When I researched this hike, I saw a few pictures of the falls but was not at all prepared to encounter a beast. Water gushed and poured unapologetically from above and flowed rapidly down, down as far as the eye could see, creating smaller falls along the way. I was stunned and immediately decided this waterfall put my previous ones to shame. Following a sign to the Pool of the Winds, Kion and I hiked up to a guard rail beside the falls (I was apprehensive at first having the pup with me, but the trail was nice and wide and did not take us directly into the rushing water). Here you can stand next to the waterfall on a flatter area of rock that creates a pool, and watch the water work its wonder.
Kion and I both stood in amazement and awe, splashing in the clear, cold basin. I began snapping pictures when I felt us getting wet, the water soaking us quickly. My heart dropped a bit thinking our sunny day had passed but as I reached for my raincoat, I realized it wasn’t raining at all! The wind was blowing the water so forcefully it created a rain-like effect just over us in our own little spot. I grinned a silly grin. Nature.
Hamilton Mountain Summit
At this point, the trail connects to the Hamilton Mountain Summit or there is the option to head back to the parking lot. Kion seemed to be enjoying the outing as much as I was, and I had a feeling there was a view ahead that I wouldn’t want to miss. So, we trudged on, over the bridge in front of the falls, up a few slippery, muddy steps to one of the most magnificent views I have seen on my hikes to date. The tops of trees were below us as we gazed across the river to the mountains, just as a snow cloud was forming at their highest points. We stopped for water and sat quietly. A few hikers passed and a couple stopped and sat beside us, also silently reflecting.

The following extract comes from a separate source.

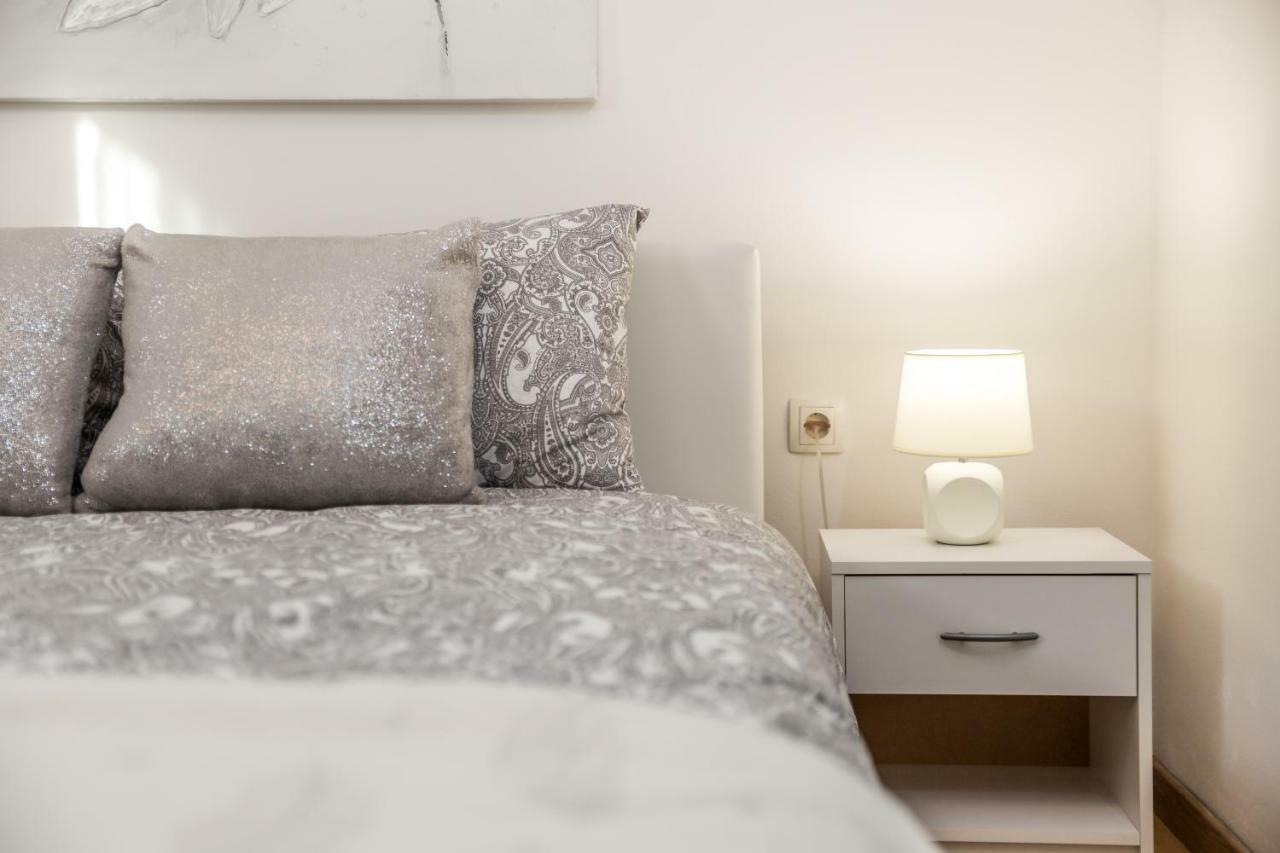 Apartman Javor Leilighet Otočac Eksteriør bilde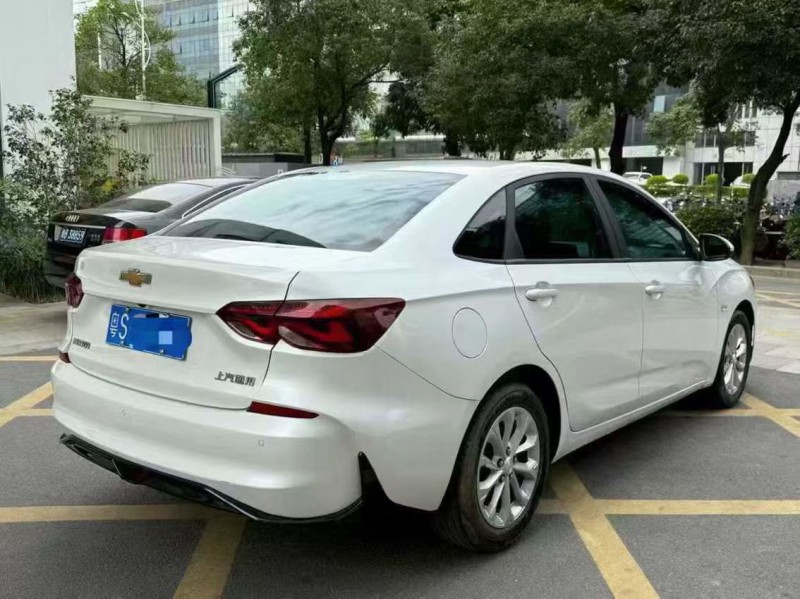 深圳23年雪佛兰科鲁泽8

The walk back to the car was just as wonderful as the hike to the endpoint. I looked around and soaked up the details all over again. Amazing how much more I noticed with a change of afternoon light and a clear head. Each time I finish a hike I sit in the car for a moment, first reflecting on the experience and then mentally preparing for the familiar sounds and noises back in the “real world”. I drove home with the setting sun and a sleeping dog in the passenger seat, planning a camping trip to Beacon Rock State Park and anxious to share my perfect experience at Hardy Falls and Pool of the Winds.